> **Data under study**:
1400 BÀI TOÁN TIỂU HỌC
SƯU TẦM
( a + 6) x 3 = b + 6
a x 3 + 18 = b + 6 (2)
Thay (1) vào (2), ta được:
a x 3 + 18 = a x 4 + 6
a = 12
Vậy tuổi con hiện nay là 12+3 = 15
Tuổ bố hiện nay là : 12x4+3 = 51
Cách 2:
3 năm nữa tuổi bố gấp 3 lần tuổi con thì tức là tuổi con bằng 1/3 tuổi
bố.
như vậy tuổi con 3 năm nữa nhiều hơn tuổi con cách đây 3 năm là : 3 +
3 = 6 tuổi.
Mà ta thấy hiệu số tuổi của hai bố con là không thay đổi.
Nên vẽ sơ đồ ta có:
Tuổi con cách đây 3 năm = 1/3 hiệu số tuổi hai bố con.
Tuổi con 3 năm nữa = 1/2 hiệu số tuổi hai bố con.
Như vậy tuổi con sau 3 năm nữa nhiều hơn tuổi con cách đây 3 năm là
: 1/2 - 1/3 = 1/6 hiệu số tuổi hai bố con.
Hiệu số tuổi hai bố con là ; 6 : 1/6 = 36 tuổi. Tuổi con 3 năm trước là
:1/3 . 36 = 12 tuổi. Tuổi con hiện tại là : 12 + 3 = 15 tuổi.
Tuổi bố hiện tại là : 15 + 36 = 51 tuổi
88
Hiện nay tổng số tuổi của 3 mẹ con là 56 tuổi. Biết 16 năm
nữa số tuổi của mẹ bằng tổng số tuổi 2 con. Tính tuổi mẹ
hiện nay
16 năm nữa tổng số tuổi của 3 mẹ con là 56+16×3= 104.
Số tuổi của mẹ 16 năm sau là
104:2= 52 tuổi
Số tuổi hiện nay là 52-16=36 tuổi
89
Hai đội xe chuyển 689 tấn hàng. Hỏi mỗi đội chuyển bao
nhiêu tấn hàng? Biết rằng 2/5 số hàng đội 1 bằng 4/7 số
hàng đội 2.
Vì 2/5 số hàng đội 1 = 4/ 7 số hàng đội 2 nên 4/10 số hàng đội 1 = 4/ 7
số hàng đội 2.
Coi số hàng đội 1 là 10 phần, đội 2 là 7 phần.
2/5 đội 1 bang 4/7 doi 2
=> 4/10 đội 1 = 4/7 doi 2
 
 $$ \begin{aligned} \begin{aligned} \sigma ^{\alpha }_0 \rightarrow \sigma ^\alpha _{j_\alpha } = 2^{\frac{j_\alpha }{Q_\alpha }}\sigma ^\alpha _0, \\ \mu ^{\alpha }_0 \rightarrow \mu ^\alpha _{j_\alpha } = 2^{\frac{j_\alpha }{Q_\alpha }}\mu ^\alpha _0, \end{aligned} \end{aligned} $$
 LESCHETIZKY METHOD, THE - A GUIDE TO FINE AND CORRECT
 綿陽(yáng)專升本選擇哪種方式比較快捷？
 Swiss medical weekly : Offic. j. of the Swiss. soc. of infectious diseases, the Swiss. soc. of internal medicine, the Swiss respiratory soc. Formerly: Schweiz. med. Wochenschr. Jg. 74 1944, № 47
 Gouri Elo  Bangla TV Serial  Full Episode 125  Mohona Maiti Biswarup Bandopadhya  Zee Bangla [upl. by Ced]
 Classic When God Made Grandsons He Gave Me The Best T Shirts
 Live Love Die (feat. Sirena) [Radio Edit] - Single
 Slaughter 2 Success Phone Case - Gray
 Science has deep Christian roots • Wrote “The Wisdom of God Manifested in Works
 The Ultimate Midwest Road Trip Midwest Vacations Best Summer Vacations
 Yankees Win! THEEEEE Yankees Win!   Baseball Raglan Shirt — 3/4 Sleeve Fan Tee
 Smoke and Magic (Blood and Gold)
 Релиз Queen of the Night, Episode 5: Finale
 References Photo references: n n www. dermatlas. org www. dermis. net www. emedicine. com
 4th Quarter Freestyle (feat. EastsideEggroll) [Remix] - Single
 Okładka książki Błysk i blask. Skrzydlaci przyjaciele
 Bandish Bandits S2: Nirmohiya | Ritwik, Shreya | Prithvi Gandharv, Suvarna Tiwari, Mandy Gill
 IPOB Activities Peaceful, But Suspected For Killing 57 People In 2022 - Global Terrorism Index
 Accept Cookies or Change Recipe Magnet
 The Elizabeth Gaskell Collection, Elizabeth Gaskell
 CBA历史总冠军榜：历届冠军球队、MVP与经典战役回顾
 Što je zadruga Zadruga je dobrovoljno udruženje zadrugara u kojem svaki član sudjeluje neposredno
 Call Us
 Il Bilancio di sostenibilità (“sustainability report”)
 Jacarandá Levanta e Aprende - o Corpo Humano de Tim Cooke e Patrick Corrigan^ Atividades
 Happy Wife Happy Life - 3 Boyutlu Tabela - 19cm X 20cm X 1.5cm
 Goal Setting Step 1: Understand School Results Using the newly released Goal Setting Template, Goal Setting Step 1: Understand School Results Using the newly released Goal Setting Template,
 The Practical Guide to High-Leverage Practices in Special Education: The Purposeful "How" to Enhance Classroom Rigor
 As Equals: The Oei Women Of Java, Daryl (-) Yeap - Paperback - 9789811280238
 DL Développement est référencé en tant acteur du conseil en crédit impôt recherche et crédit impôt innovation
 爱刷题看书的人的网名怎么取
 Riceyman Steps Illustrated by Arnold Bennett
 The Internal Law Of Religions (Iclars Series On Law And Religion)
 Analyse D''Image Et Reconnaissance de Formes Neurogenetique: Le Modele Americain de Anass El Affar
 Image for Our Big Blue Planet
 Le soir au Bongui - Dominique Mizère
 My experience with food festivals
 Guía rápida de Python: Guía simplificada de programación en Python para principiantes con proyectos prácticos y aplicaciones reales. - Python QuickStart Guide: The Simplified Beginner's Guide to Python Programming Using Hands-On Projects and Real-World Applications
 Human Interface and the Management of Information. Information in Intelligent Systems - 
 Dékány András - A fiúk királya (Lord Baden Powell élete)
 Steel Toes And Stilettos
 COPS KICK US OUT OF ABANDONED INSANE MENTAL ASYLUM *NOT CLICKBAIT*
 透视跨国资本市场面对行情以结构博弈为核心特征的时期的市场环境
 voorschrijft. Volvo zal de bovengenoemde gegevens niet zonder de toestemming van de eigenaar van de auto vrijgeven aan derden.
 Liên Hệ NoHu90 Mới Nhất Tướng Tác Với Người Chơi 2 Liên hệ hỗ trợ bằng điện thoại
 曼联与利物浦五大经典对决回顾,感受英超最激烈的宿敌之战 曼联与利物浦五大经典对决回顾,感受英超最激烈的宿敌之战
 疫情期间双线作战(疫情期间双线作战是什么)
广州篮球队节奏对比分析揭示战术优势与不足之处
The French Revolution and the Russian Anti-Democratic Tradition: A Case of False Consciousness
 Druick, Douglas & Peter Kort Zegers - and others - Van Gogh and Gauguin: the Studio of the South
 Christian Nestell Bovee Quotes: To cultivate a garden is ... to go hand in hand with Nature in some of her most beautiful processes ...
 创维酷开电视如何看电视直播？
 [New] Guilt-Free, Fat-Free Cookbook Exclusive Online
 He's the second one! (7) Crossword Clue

> **What to produce**:
All of the material should be written out again exactly.

> **Finished exercise**:
1400 BÀI TOÁN TIỂU HỌC
SƯU TẦM
( a + 6) x 3 = b + 6
a x 3 + 18 = b + 6 (2)
Thay (1) vào (2), ta được:
a x 3 + 18 = a x 4 + 6
a = 12
Vậy tuổi con hiện nay là 12+3 = 15
Tuổ bố hiện nay là : 12x4+3 = 51
Cách 2:
3 năm nữa tuổi bố gấp 3 lần tuổi con thì tức là tuổi con bằng 1/3 tuổi
bố.
như vậy tuổi con 3 năm nữa nhiều hơn tuổi con cách đây 3 năm là : 3 +
3 = 6 tuổi.
Mà ta thấy hiệu số tuổi của hai bố con là không thay đổi.
Nên vẽ sơ đồ ta có:
Tuổi con cách đây 3 năm = 1/3 hiệu số tuổi hai bố con.
Tuổi con 3 năm nữa = 1/2 hiệu số tuổi hai bố con.
Như vậy tuổi con sau 3 năm nữa nhiều hơn tuổi con cách đây 3 năm là
: 1/2 - 1/3 = 1/6 hiệu số tuổi hai bố con.
Hiệu số tuổi hai bố con là ; 6 : 1/6 = 36 tuổi. Tuổi con 3 năm trước là
:1/3 . 36 = 12 tuổi. Tuổi con hiện tại là : 12 + 3 = 15 tuổi.
Tuổi bố hiện tại là : 15 + 36 = 51 tuổi
88
Hiện nay tổng số tuổi của 3 mẹ con là 56 tuổi. Biết 16 năm
nữa số tuổi của mẹ bằng tổng số tuổi 2 con. Tính tuổi mẹ
hiện nay
16 năm nữa tổng số tuổi của 3 mẹ con là 56+16×3= 104.
Số tuổi của mẹ 16 năm sau là
104:2= 52 tuổi
Số tuổi hiện nay là 52-16=36 tuổi
89
Hai đội xe chuyển 689 tấn hàng. Hỏi mỗi đội chuyển bao
nhiêu tấn hàng? Biết rằng 2/5 số hàng đội 1 bằng 4/7 số
hàng đội 2.
Vì 2/5 số hàng đội 1 = 4/ 7 số hàng đội 2 nên 4/10 số hàng đội 1 = 4/ 7
số hàng đội 2.
Coi số hàng đội 1 là 10 phần, đội 2 là 7 phần.
2/5 đội 1 bang 4/7 doi 2
=> 4/10 đội 1 = 4/7 doi 2
 
 $$ \begin{aligned} \begin{aligned} \sigma ^{\alpha }_0 \rightarrow \sigma ^\alpha _{j_\alpha } = 2^{\frac{j_\alpha }{Q_\alpha }}\sigma ^\alpha _0, \\ \mu ^{\alpha }_0 \rightarrow \mu ^\alpha _{j_\alpha } = 2^{\frac{j_\alpha }{Q_\alpha }}\mu ^\alpha _0, \end{aligned} \end{aligned} $$
 LESCHETIZKY METHOD, THE - A GUIDE TO FINE AND CORRECT
 綿陽(yáng)專升本選擇哪種方式比較快捷？
 Swiss medical weekly : Offic. j. of the Swiss. soc. of infectious diseases, the Swiss. soc. of internal medicine, the Swiss respiratory soc. Formerly: Schweiz. med. Wochenschr. Jg. 74 1944, № 47
 Gouri Elo  Bangla TV Serial  Full Episode 125  Mohona Maiti Biswarup Bandopadhya  Zee Bangla [upl. by Ced]
 Classic When God Made Grandsons He Gave Me The Best T Shirts
 Live Love Die (feat. Sirena) [Radio Edit] - Single
 Slaughter 2 Success Phone Case - Gray
 Science has deep Christian roots • Wrote “The Wisdom of God Manifested in Works
 The Ultimate Midwest Road Trip Midwest Vacations Best Summer Vacations
 Yankees Win! THEEEEE Yankees Win!   Baseball Raglan Shirt — 3/4 Sleeve Fan Tee
 Smoke and Magic (Blood and Gold)
 Релиз Queen of the Night, Episode 5: Finale
 References Photo references: n n www. dermatlas. org www. dermis. net www. emedicine. com
 4th Quarter Freestyle (feat. EastsideEggroll) [Remix] - Single
 Okładka książki Błysk i blask. Skrzydlaci przyjaciele
 Bandish Bandits S2: Nirmohiya | Ritwik, Shreya | Prithvi Gandharv, Suvarna Tiwari, Mandy Gill
 IPOB Activities Peaceful, But Suspected For Killing 57 People In 2022 - Global Terrorism Index
 Accept Cookies or Change Recipe Magnet
 The Elizabeth Gaskell Collection, Elizabeth Gaskell
 CBA历史总冠军榜：历届冠军球队、MVP与经典战役回顾
 Što je zadruga Zadruga je dobrovoljno udruženje zadrugara u kojem svaki član sudjeluje neposredno
 Call Us
 Il Bilancio di sostenibilità (“sustainability report”)
 Jacarandá Levanta e Aprende - o Corpo Humano de Tim Cooke e Patrick Corrigan^ Atividades
 Happy Wife Happy Life - 3 Boyutlu Tabela - 19cm X 20cm X 1.5cm
 Goal Setting Step 1: Understand School Results Using the newly released Goal Setting Template, Goal Setting Step 1: Understand School Results Using the newly released Goal Setting Template,
 The Practical Guide to High-Leverage Practices in Special Education: The Purposeful "How" to Enhance Classroom Rigor
 As Equals: The Oei Women Of Java, Daryl (-) Yeap - Paperback - 9789811280238
 DL Développement est référencé en tant acteur du conseil en crédit impôt recherche et crédit impôt innovation
 爱刷题看书的人的网名怎么取
 Riceyman Steps Illustrated by Arnold Bennett
 The Internal Law Of Religions (Iclars Series On Law And Religion)
 Analyse D''Image Et Reconnaissance de Formes Neurogenetique: Le Modele Americain de Anass El Affar
 Image for Our Big Blue Planet
 Le soir au Bongui - Dominique Mizère
 My experience with food festivals
 Guía rápida de Python: Guía simplificada de programación en Python para principiantes con proyectos prácticos y aplicaciones reales. - Python QuickStart Guide: The Simplified Beginner's Guide to Python Programming Using Hands-On Projects and Real-World Applications
 Human Interface and the Management of Information. Information in Intelligent Systems - 
 Dékány András - A fiúk királya (Lord Baden Powell élete)
 Steel Toes And Stilettos
 COPS KICK US OUT OF ABANDONED INSANE MENTAL ASYLUM *NOT CLICKBAIT*
 透视跨国资本市场面对行情以结构博弈为核心特征的时期的市场环境
 voorschrijft. Volvo zal de bovengenoemde gegevens niet zonder de toestemming van de eigenaar van de auto vrijgeven aan derden.
 Liên Hệ NoHu90 Mới Nhất Tướng Tác Với Người Chơi 2 Liên hệ hỗ trợ bằng điện thoại
 曼联与利物浦五大经典对决回顾,感受英超最激烈的宿敌之战 曼联与利物浦五大经典对决回顾,感受英超最激烈的宿敌之战
 疫情期间双线作战(疫情期间双线作战是什么)
广州篮球队节奏对比分析揭示战术优势与不足之处
The French Revolution and the Russian Anti-Democratic Tradition: A Case of False Consciousness
 Druick, Douglas & Peter Kort Zegers - and others - Van Gogh and Gauguin: the Studio of the South
 Christian Nestell Bovee Quotes: To cultivate a garden is ... to go hand in hand with Nature in some of her most beautiful processes ...
 创维酷开电视如何看电视直播？
 [New] Guilt-Free, Fat-Free Cookbook Exclusive Online
 He's the second one! (7) Crossword Clue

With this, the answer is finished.